Radisson Blu FireLake
35 S. Seventh St.
Get over it. Foodies have long shunned hotel dining rooms when it comes to a night on the town. But that was then and this is now: No longer the stepchildren of the restaurant experience, peopled by dreary traveling salesmen picking away at even drearier food, urban hotels have picked up the pace and are prepared to earn your dining dollars, even if you’re not turning in upstairs.
The all-new Radisson Blu, recently re-opened after undergoing an image-changing makeover of the longtime downtown Minneapolis flagship, is a showpiece of gleaming white surfaces, soft (and trendy) fabrics, local art, and a new GM who moved here from San Diego on the coldest day of last winter—which makes one question his decision-making capacity, at least on one count. But not on dedication to leading the city’s downtown sizzle. And FireLake, its casual-chic restaurant, provides sizzle that extends well beyond its steak.
The trendy, new Radisson Blu concept debuted in Europe. This property represents the fourth in the States, and Exec Chef Jim Kyndberg is making the most of his chance to showcase Minnesota products on his menu, besting out-of-towners’ expectations of hot dish as our way of life. And that starts (natch) with walleye. And corn. Jim serves the sweet, mild, heirloom corn-crusted fillet as God meant it to be, with asparagus and fingerling potatoes. Talk of perfection on a plate. His seafood hits extend to rillettes of gently-smoked salmon set on rye bread toast points aside a parsley-caper salad. And, reaching to the other end of our Mississippi River, he sautées Gulf shrimplets, sets them atop grilled, corny, polenta, and accents the whole concoction with spinach, tomatoes and a Meyer lemon butter.

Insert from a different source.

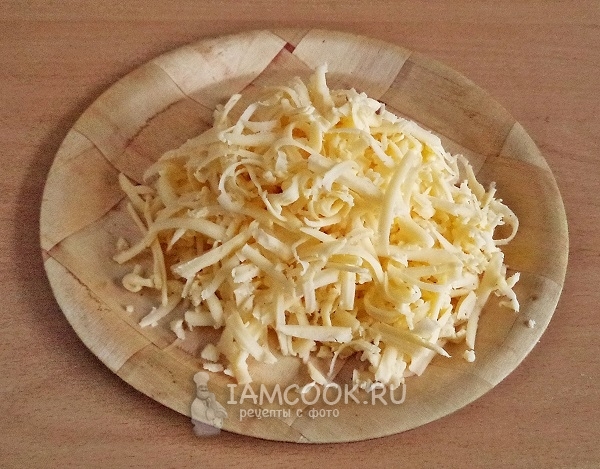 Натереть сыр на терке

Oh, you’re here for soup and salad? That works, too. His Minnesota wild rice soup deserves a lifetime achievement award in our state’s culinary Hall of Fame—creamy, subtly sweetened with leeks and textured with shiitake mushrooms, it’s medicine for whatever went wrong in your day. Add a comely burst of micro salad greens pocked with suave goat cheese, bits of bacon and veggies (including, yes, corn) and finished with a toss of tiny, crispy croutons of cranberry and wild rice.
What Jim loves best among the bests is his rotisserie. He’d grill the napkins if you let him. But far better, his famous chicken, served with a bright succotash of summer vegetables. It’s his best seller. But don’t overlook the beef brisket, either, from the Limousin cattle of Wisconsin’s Peterson Farms. Jim splashes it with his homemade pomegranate barbecue sauce and serves it aside a white Cheddar mac and cheese, along with grilled broccolini sprigs.
What could top that? Well, I’ll tell you what: a tartlet of roasted plums served with fennel pollen ice cream—homemade, of course. (You won’t find that wonder in your grocer’s freezer.) FireLake’s wine list is (wisely, I have to say) not Minnesota-centric. Think finds from all around the world. However, the staff is just the opposite—as Minnesota Nice as can be.